YOLO, Faster R-CNN, and SSD for cloud detection

Fenglin Yu

doi:10.54254/2755-2721/37/20230514

1. Introduction

Detecting objects in images is a common task in Computer Vision. Object detection aims to see all cases of things and recognize each category from the image [1]. Object detection serves as the foundation for comprehending the high-level semantic information included in photos. This task has been extensively studied in academia and real-world applications, including automatic driving, educational supervision, and smart homes.

Accuracy and speed are the two most essential norms for object detection [2]. Numerous techniques based on deep learning have been developed to finish the task more quickly and accurately. One can distinguish between single-stage and multi-stage object detection techniques. Representative single-stage object detection algorithms include You Only Look Once (YOLO), Single Shot MultiBox Detector (SSD), RetinaNet, etc. The multi-stage object detection method must repeat the steps many times: candidate region acquisition, classification, and regression, and repeatedly modify the candidate region. Multi-stage object detection algorithms mainly lie in the Region-CNN (R-CNN) series.

Stage-of-art single-stage and two-stage object detection algorithms achieve good detection accuracy and speed. Many advanced models perform better on different data sets and are widely used for testing object detection models. However, the vast majority of such datasets detect significant differences between categories, specifically in the shape and colour of the object. Some detection algorithms to distinguish objects with slight differences are also needed. For example, it is easy for the model to determine the cats from cars, but it may be challenging to distinguish cats from tigers.

To have research about detecting objects with similar features, this article chooses the Cloud detection task as our research problem. Cloud detection is a problem that needs to see the clouds with their types from the given pictures, which is different from the Cloud Classification problem in the targets they met. Before this, many models were used to classify cloud types, and the neural network-based model achieved an overall cloud recognition accuracy of 93%, which is incredibly high [3]. However, the work related to real-time cloud detection doesn’t show much remarkable achievement. This paper prepared 310 images of clouds with typical categorizable morphological features as our training and testing data set. The data set is uploaded on the GitHub repository, which is available and can be downloaded at the following link: https://github.com/MikukuOvO/CloudDetectionDataSet. The clouds contained in these images were manually labeled into three categories: cumulus, stratus, and cirrus. This paper then chose YOLO, Faster-RCNN, and SSD as our test models, trained and tested on our data set. Calculate mAP50 on the test data set we prepared for each model to get our training results.
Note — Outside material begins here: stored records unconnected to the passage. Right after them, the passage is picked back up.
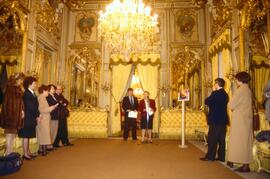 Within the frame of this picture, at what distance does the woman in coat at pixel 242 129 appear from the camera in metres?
3.57

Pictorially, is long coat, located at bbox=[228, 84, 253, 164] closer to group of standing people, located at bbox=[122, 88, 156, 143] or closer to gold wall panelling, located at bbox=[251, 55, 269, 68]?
gold wall panelling, located at bbox=[251, 55, 269, 68]

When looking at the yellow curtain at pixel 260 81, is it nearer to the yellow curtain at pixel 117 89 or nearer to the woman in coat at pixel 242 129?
the woman in coat at pixel 242 129

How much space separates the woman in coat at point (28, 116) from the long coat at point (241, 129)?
11.3 feet

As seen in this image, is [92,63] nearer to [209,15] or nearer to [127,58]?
[127,58]

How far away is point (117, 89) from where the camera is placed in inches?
345

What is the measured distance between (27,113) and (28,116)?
0.20ft

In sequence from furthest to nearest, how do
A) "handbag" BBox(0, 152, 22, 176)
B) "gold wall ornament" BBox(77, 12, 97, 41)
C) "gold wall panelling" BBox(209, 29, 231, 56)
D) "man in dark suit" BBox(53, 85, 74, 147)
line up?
"gold wall ornament" BBox(77, 12, 97, 41) < "gold wall panelling" BBox(209, 29, 231, 56) < "man in dark suit" BBox(53, 85, 74, 147) < "handbag" BBox(0, 152, 22, 176)

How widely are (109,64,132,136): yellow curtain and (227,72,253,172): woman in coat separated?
17.4ft

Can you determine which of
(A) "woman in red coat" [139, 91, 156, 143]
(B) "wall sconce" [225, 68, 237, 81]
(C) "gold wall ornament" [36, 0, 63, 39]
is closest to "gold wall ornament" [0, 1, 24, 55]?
(C) "gold wall ornament" [36, 0, 63, 39]

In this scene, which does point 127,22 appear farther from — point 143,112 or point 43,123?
point 43,123

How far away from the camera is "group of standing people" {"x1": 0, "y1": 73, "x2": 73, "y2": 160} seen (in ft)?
12.6

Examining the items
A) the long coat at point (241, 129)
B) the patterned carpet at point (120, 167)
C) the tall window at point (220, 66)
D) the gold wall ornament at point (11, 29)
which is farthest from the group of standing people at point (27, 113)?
the tall window at point (220, 66)

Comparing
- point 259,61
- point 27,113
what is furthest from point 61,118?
point 259,61

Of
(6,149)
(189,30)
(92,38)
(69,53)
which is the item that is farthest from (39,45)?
(189,30) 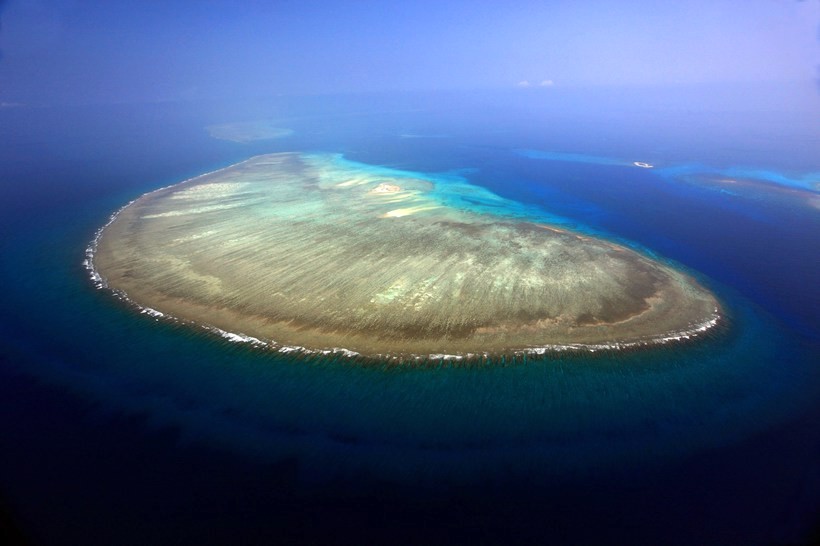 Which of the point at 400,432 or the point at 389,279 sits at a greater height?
the point at 389,279

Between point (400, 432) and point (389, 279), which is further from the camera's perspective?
point (389, 279)

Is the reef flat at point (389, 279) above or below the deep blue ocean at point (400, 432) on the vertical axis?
above

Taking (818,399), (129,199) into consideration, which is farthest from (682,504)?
(129,199)

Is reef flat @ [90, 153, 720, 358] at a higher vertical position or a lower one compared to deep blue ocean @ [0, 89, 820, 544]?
higher

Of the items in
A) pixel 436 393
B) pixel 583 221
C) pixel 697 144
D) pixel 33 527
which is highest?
pixel 697 144

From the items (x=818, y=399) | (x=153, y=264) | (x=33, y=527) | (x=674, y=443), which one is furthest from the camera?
(x=153, y=264)

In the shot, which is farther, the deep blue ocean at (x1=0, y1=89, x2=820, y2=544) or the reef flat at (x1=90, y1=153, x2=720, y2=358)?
the reef flat at (x1=90, y1=153, x2=720, y2=358)

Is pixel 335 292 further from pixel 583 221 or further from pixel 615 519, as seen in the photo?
pixel 583 221

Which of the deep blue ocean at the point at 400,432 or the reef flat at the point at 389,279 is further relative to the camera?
the reef flat at the point at 389,279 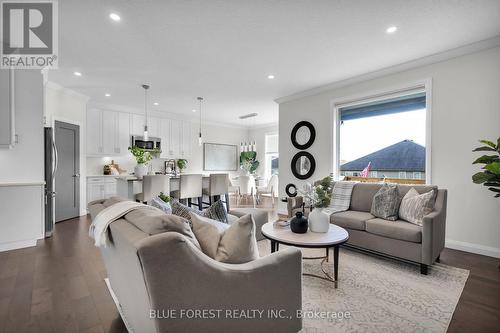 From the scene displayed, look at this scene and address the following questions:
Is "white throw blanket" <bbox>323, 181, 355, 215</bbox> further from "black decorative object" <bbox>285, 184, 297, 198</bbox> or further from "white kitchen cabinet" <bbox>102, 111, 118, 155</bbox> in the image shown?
"white kitchen cabinet" <bbox>102, 111, 118, 155</bbox>

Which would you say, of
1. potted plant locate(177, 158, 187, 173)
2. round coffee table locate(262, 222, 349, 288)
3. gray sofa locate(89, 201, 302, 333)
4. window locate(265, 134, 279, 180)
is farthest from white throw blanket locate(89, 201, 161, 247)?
window locate(265, 134, 279, 180)

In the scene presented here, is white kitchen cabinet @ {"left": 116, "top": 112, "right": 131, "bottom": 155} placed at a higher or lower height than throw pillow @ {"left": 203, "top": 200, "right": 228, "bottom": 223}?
higher

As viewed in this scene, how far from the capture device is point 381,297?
1977mm

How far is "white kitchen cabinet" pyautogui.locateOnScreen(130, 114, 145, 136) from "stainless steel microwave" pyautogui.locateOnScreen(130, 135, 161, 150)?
120 mm

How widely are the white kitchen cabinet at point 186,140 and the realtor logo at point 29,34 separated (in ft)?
12.4

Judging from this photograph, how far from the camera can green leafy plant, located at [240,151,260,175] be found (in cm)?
840

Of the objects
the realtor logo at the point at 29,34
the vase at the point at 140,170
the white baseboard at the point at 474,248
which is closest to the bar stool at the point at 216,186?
the vase at the point at 140,170

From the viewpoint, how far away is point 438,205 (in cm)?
263

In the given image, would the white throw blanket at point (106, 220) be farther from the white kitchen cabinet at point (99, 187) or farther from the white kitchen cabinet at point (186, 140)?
the white kitchen cabinet at point (186, 140)

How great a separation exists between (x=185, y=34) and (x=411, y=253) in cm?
347

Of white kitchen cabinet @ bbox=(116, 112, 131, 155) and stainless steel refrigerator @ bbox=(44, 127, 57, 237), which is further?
white kitchen cabinet @ bbox=(116, 112, 131, 155)

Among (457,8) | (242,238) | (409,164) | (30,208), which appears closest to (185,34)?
(242,238)

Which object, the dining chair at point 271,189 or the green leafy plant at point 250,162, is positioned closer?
the dining chair at point 271,189

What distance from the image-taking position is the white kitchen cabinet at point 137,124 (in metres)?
6.29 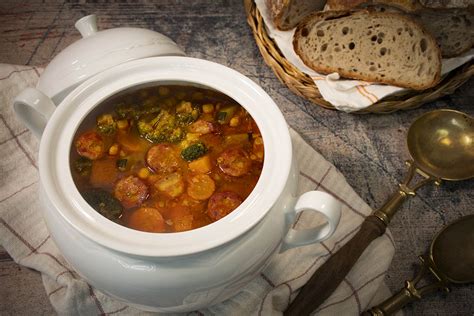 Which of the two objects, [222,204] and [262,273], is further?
[262,273]

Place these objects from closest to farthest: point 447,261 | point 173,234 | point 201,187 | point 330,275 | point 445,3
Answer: point 173,234, point 201,187, point 330,275, point 447,261, point 445,3

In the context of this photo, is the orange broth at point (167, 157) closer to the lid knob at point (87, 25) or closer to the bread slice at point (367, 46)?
the lid knob at point (87, 25)

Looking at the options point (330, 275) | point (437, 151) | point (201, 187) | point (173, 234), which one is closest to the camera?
point (173, 234)

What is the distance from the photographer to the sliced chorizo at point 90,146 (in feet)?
3.74

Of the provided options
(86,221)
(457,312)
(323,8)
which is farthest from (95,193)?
(323,8)

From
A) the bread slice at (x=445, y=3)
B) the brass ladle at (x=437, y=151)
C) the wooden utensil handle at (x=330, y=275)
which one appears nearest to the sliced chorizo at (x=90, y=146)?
the wooden utensil handle at (x=330, y=275)

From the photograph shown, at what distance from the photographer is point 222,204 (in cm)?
108

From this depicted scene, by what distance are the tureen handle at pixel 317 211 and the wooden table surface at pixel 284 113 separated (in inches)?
17.7

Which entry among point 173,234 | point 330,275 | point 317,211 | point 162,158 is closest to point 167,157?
point 162,158

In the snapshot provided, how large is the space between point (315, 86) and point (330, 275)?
70cm

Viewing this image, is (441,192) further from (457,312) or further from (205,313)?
(205,313)

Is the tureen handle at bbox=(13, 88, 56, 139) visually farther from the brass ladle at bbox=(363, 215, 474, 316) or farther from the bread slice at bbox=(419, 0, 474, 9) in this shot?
the bread slice at bbox=(419, 0, 474, 9)

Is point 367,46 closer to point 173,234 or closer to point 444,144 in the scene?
point 444,144

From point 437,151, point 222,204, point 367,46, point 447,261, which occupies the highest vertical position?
point 222,204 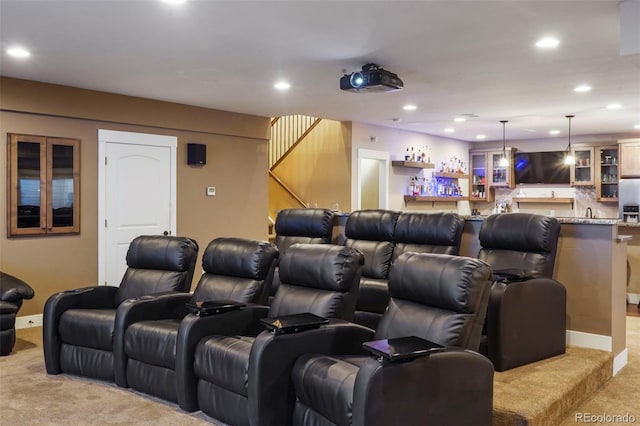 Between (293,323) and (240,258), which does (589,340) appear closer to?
(293,323)

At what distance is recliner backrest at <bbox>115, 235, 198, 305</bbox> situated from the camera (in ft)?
14.1

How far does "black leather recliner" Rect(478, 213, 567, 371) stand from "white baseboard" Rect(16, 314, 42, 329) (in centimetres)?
443

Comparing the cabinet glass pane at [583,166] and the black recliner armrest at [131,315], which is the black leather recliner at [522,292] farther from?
the cabinet glass pane at [583,166]

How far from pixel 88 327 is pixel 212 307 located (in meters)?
1.09

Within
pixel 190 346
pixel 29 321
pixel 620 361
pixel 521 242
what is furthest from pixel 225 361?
pixel 29 321

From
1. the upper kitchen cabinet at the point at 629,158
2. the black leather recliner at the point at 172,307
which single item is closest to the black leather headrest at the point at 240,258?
the black leather recliner at the point at 172,307

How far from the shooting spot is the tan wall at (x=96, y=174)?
5.46 metres

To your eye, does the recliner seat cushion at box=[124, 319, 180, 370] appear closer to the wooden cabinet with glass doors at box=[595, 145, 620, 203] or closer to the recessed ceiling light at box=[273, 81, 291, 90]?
the recessed ceiling light at box=[273, 81, 291, 90]

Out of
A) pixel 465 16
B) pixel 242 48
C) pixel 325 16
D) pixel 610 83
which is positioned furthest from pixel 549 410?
pixel 610 83

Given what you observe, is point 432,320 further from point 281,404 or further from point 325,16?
point 325,16

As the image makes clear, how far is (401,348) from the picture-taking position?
235 cm

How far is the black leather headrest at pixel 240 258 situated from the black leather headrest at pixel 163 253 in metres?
0.26

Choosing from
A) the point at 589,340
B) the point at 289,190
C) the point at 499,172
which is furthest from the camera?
the point at 499,172

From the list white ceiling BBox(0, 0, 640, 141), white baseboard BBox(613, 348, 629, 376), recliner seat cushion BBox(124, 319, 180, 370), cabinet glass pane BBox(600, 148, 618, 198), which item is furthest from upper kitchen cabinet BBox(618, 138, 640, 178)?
recliner seat cushion BBox(124, 319, 180, 370) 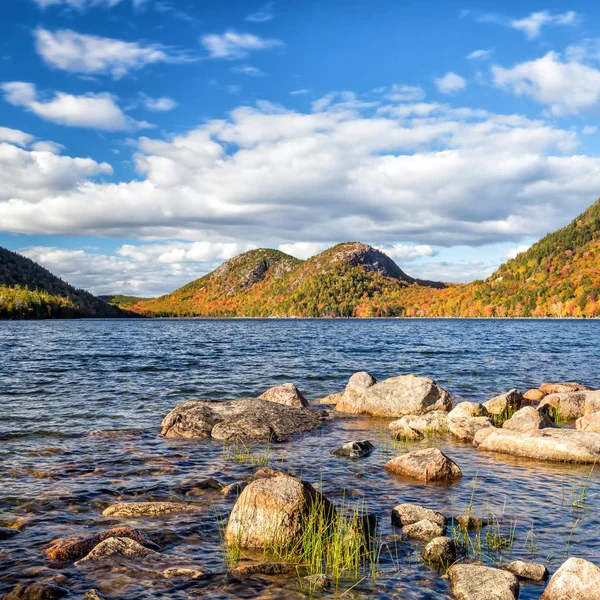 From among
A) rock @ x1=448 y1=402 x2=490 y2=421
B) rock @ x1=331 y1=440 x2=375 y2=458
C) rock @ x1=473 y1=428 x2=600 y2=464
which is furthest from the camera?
rock @ x1=448 y1=402 x2=490 y2=421

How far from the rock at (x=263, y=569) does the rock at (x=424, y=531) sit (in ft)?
8.07

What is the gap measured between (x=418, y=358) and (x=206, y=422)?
3402 centimetres

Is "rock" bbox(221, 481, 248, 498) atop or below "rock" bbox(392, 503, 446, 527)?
below

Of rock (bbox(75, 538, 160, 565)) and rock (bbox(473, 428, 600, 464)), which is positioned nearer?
rock (bbox(75, 538, 160, 565))

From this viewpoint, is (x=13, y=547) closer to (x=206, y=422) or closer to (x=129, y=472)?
(x=129, y=472)

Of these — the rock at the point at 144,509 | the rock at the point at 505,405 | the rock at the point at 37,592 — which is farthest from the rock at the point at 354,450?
the rock at the point at 37,592

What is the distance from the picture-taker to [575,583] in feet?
23.0

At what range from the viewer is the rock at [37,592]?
7.21 metres

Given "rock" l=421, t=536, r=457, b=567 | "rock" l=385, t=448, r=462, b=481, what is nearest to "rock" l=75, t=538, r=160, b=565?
"rock" l=421, t=536, r=457, b=567

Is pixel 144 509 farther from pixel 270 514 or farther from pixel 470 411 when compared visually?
pixel 470 411

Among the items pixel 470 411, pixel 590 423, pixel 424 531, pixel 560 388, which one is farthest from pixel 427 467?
pixel 560 388

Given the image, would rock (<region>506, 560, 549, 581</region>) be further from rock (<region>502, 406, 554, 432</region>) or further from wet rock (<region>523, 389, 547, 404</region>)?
wet rock (<region>523, 389, 547, 404</region>)

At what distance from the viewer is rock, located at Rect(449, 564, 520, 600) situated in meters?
7.12

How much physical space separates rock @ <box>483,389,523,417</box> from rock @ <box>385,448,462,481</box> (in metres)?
8.41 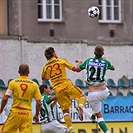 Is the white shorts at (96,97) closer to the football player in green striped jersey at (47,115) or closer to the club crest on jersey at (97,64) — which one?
the club crest on jersey at (97,64)

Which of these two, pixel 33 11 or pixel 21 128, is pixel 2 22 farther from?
pixel 21 128

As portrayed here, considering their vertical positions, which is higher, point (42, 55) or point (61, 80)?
point (61, 80)

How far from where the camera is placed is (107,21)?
161 ft

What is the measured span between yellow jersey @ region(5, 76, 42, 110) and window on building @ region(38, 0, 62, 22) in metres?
20.5

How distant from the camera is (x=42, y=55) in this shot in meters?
45.1

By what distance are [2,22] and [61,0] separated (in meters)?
3.16

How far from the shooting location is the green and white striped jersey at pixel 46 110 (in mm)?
30172

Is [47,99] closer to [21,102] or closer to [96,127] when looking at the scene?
[21,102]

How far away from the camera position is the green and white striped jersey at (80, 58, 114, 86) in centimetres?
2866

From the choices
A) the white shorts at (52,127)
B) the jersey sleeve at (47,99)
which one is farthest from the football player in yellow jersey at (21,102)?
the white shorts at (52,127)

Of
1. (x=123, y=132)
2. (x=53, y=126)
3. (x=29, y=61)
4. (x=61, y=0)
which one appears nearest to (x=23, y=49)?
(x=29, y=61)

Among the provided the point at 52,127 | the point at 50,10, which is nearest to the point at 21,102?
the point at 52,127

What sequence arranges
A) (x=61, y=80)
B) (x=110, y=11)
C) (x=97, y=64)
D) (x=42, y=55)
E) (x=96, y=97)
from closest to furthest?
(x=97, y=64) < (x=96, y=97) < (x=61, y=80) < (x=42, y=55) < (x=110, y=11)

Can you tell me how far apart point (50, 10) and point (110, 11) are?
2.99 metres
Due to the three clouds' similar shape and the dataset size limitation, this paper does not expect a high mAP50. To get a higher mAP50, this paper also analyses possible reasons and gives some possible ways in the discussion part.

2. Method

2.1. Comparative method

AP is a scientific method to measure the accuracy of the detection results. It is calculated by two aspects: Precision rate and Recall rate. The precision rate represents the accuracy rate of our judgment and mainly calculates the proportion of misjudgements we make for the detected objects. The recall rate represents the accuracy rate of our detection and mainly calculates the ratio of misdetection we make for the entire thing we labelled. To calculate AP, we need to consider all the confidence between 0 and 1 and draw the corresponding Precision-Recall figure, and the area is the result of AP. The mAP is the average AP for all categories. We get AP for all the classes and their mean value to calculate. The mAP50 we used to measure our detect results in this paper estimated is like the above, but only considering the confidence between 0.5 and 1.

YOLO considers the detection problem a regression problem; it divides the total picture into S × S grids, and each grid has B bounding boxes for prediction. For each prediction box, we need to calculate four parameters (horizontal and vertical coordinates and length and width) and a confidence level. Every bounding box is used to predict one object. During training, YOLO reserves bounding boxes with a high crossover ratio and suppresses unused bounding boxes. The significant advantage of the YOLO model is that it only considers once for each image, which will significantly speed up the detection process.

Faster R-CNN is based on the Fast R-CNN model. It uses a region proposal network (RPN) to generate region proposals, improving object detection speed [4]. Also, with a two-stage detection process, it usually has good detection results for the standard data set.

SSD get features by processing the pictures into the CNN networks and using the corresponding bounding box to detect objects with different size. Moreover, SSD also combines other feature maps with different resolutions to process things with different lengths.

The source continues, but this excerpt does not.